London has UrbanFetch, the New York-based one-hour service, as well as smaller local suppliers such as QueueJumper.com, the grocery website. But Kozmo.com, a similar US service, recently cancelled its flotation and shed its chief executive amid reports of a funding crisis.
Sceptics, including established couriers, warn that express internet delivery services face heavy fulfilment costs per order and will struggle to turn profits. For while the internet reduces marginal costs - so that one e-mail costs almost the same as 10,000 - physical delivery costs do not scale to this extent.
Furthermore, the variables of any delivery service - the distance between stock and customers, the logistics of packing and the efficiency of the courier - are all made more acute by the one-hour deadline.
Ian MacCallum, managing director of In60.com, a website offering one-hour delivery of videos for rent or sale, DVDs, food and drink, said attracting repeat business and increasing drop-off density were the key to 'e-gratification' economics.
To achieve this in Edinburgh and Glasgow, where it recently launched, In60.com has invested around £300,000 in bespokesoftware from Dow & Carter, a London and Edinburgh-based IT company which took equity as part-payment for processing website transactions and managing warehouse stock.
"We could have used a cheaper, off-the-shelf software package which would have given us around 80 per cent of the same functionality," Mr MacCallum concedes. "But it is the extra 20 per cent that customers value."
When customers enter postcodes, for instance, they are referred to the live inventory system of the nearest warehouse. (The company has only two warehouses but plans to be in seven cities across the UK by next May.) The system will calculate the nearest drop-off point for a returned video and print it on the receipt.
While most websites only accept payment by credit or debit card, In60.com will accept cash on delivery to the courier. The site claims 2,000 orders a week in Edinburgh, which is sufficiently compact city to make the one-hour deadline feasible.
Delivery is free, although a video collection service costs users £1. Average orders are up to £10.55, with repeat business running at 70 per cent. The company said a staggering 90 per cent of people registering on the website have gone to buy, suggesting that instant delivery services do not encourage the usual kind of web browsing. In60.com believes it can reduce its delivery costs, which experts estimate are around £7 for one-hour services, to around £1 per order.
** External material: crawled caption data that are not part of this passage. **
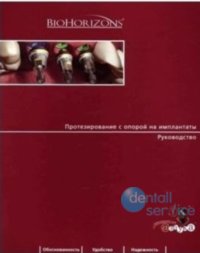 Протезирование с опорой на имплантаты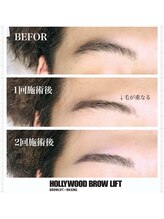 メンズプシュケ(men's PSYCHE)/HOLLYWOOD BROW LIFT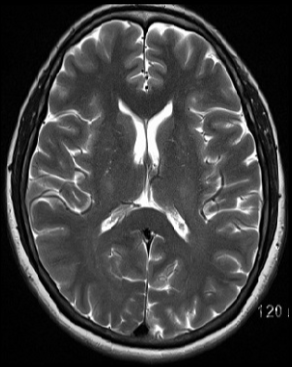 <p>Welche Strukturen sind auf dem T2-Bild hell bzw. dunkel?</p>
In Paris, KoobuyCity.com, which is bringing its service to London and later Frankfurt, has an average basket size of 42 euros (£25), which is similar to that of UrbanFetch.
Both KoobuyCity and UrbanFetch target upmarket customers with luxury branded goods and gifts. Transferring this model to London's congested streets will prove a challenge, particularly when the cost of running multiple warehouses is set against the low-order volumes typical of such start-ups.
Lastorders.com, an alcohol-selling website which uses third-party couriers, is spending around £1m to upgrade its back-end fulfilment systems with bespoke software from Manchester-based Mancos to provide same-day delivery beginning with a trial this month.
But the biggest threat to start-up delivery services may not be technology or logistics overheads, but incumbent service providers such as the Post Office, which is looking to provide a same-day e-fulfilment service in some cities.
Ad Scheepbouwer, chairman and chief executive officer of TNT PG, the mail, express and logistics group, says: "The mail companies are the only ones that can do low-value goods cost-effectively. It is a nonsense for people to offer one-hour delivery for an average item and make a profit. Unless, they know something we don't."